### Work task
In the entries that follow, repeat exactly the lines from the one that has "Say Goodbye to" through the one that has "Spring Flowers Metal", but omit pictures.

### The data
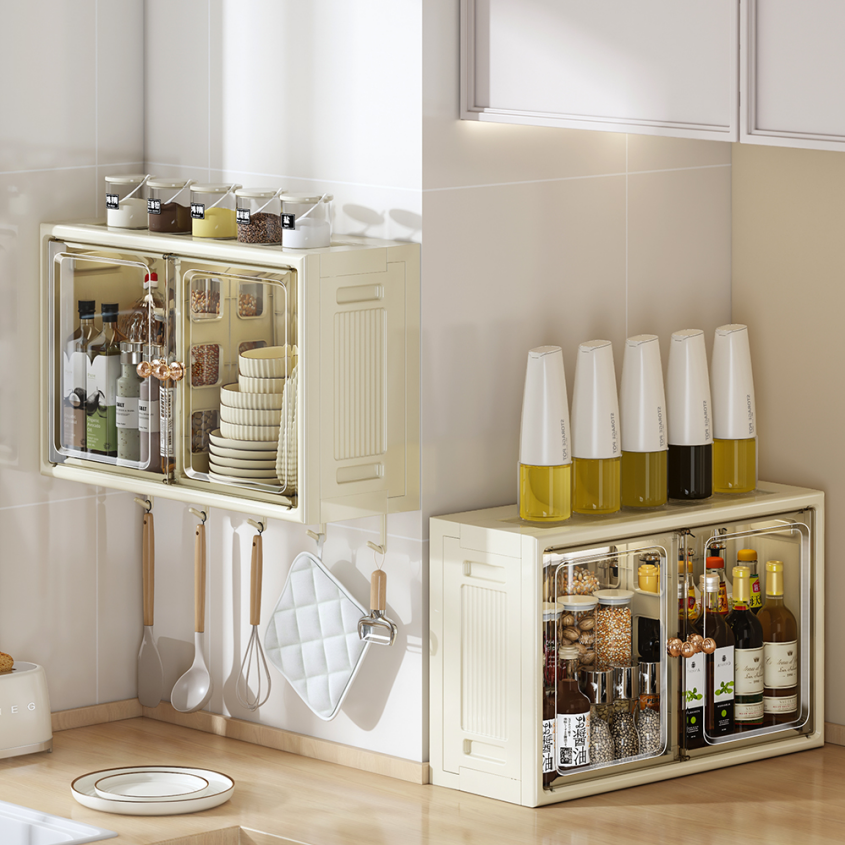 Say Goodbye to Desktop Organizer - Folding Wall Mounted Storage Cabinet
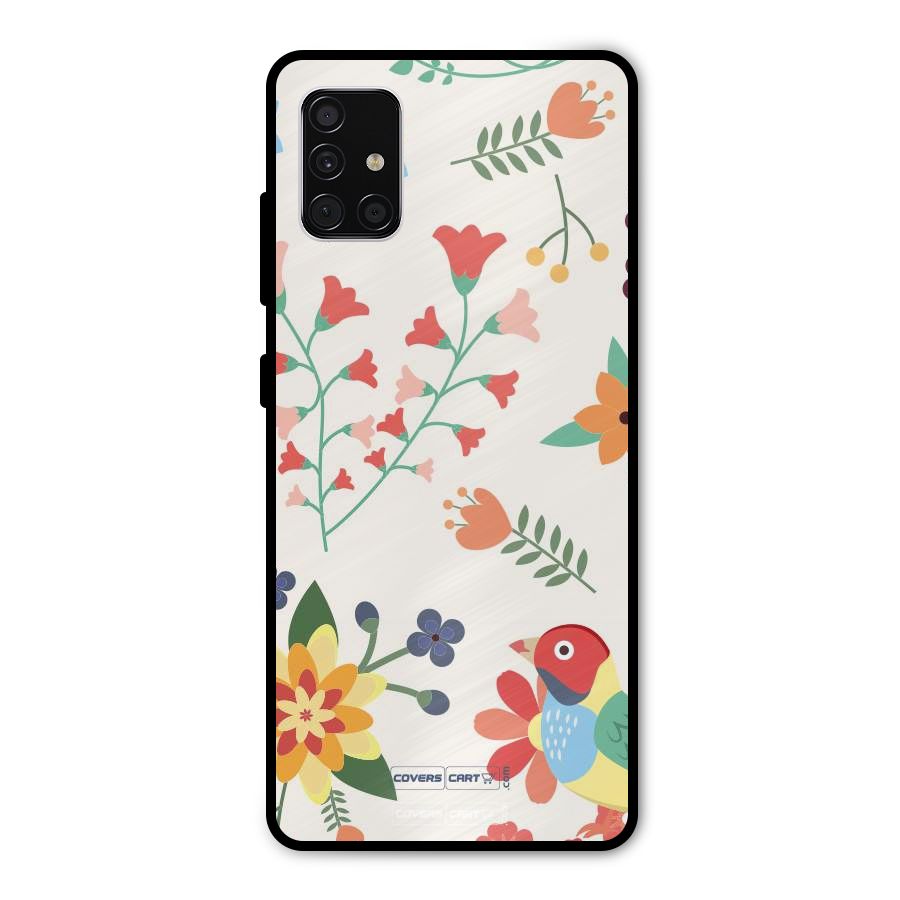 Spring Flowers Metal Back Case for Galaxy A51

==

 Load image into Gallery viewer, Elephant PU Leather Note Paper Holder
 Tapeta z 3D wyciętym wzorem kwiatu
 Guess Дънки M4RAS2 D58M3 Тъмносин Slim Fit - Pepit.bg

### Response to the exercise
 Say Goodbye to Desktop Organizer - Folding Wall Mounted Storage Cabinet
 Spring Flowers Metal Back Case for Galaxy A51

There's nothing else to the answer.